The moment after he had followed instructions the stranger gulped, gurgled, and gasped as the moonshine whisky burnt its way down his throat. The man-sized drink, taken on a totally empty stomach, almost nauseated him. Then it put new life in his veins and he tried to struggle to his feet.

Ruth Stiles was beside him in an instant and, with her father's help, assisted him to a chair at the table.

"Stranger," said Stiles, stepping aside and eying the intruder critically, "I don't know who or what you are, but I do know that yo' look plumb tuckered out. Nobody's goin' hungry in my house, so fall to an' we'll discuss other matters later."

Whereupon he laid his rifle in its accustomed place, motioned to his wife and daughter to resume their places at the table, and dragged up another chair for himself.

Beyond a word or two of encouragement to eat all he wanted of the very plain fare, none of the trio addressed the newcomer during the remainder of the meal. All three of them had noted the almost-obliterated stripes that encircled his clothing and their significance was unmistakable. But Stiles himself was far from being convinced. He had heard too much of the tricks of government agents to be misled by what might prove, after all, only a clever disguise.

Therefore, when the womenfolk had cleared away the supper things and the two men had the room to themselves, the mountaineer offered his guest a pipeful of tobacco and saw to it that he took a seat before the fire where the light would play directly upon his features. Then he opened fire.

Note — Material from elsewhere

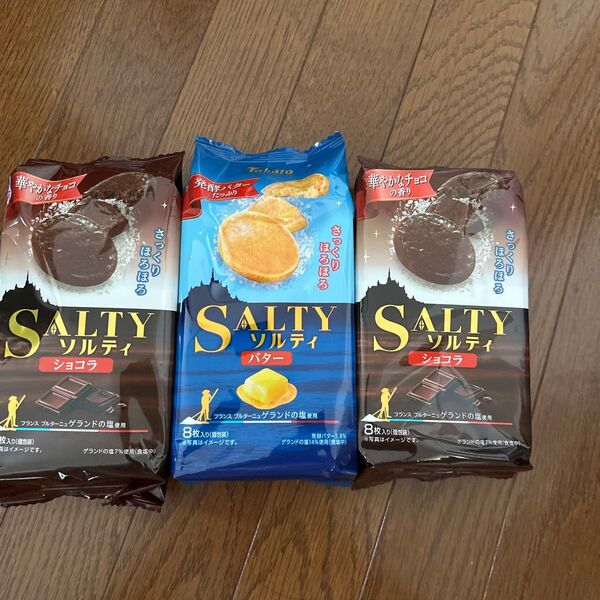 Tohato SALTY ショコラ バター 3袋セット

"Stranger," he inquired, "what might yo' name be?"

"Patterson," said the other. "Jim Patterson."

"Whar you come from?"

"Charlestown first an' Morgantown second. Up for twelve years for manslaughter – railroaded at that," was Patterson's laconic reply.

"How'd you get away?"

At that the convict laughed, but there was more of a snarl than humor in his tone as he answered: "Climbed th' wall when th' guards weren't lookin'. They took a coupla pot shots at me, but none of them came within a mile. Then I beat it south, travelin' by night an' hidin' by day. Stole what I could to eat, but this country ain't overly well filled with farms. Hadn't had a bite for two days, 'cept some berries, when I saw your cabin an' came up here."

Stiles puffed away in silence for a moment. Then he rose, as if to fetch something from the other side of the room. Once behind Patterson, however, he reached forward and, seizing the stubble that covered his face, yanked it as hard as he could.

"What th' – ?" yelled the convict, springing to his feet and involuntarily raising his clenched hand.

"Ca'm yo'self, stranger, ca'm yo'self," directed the mountaineer, with a half smile. "Jes' wanted to see for myself ef that beard was real, that's all. Thought you might be a rev'nue agent in disguise."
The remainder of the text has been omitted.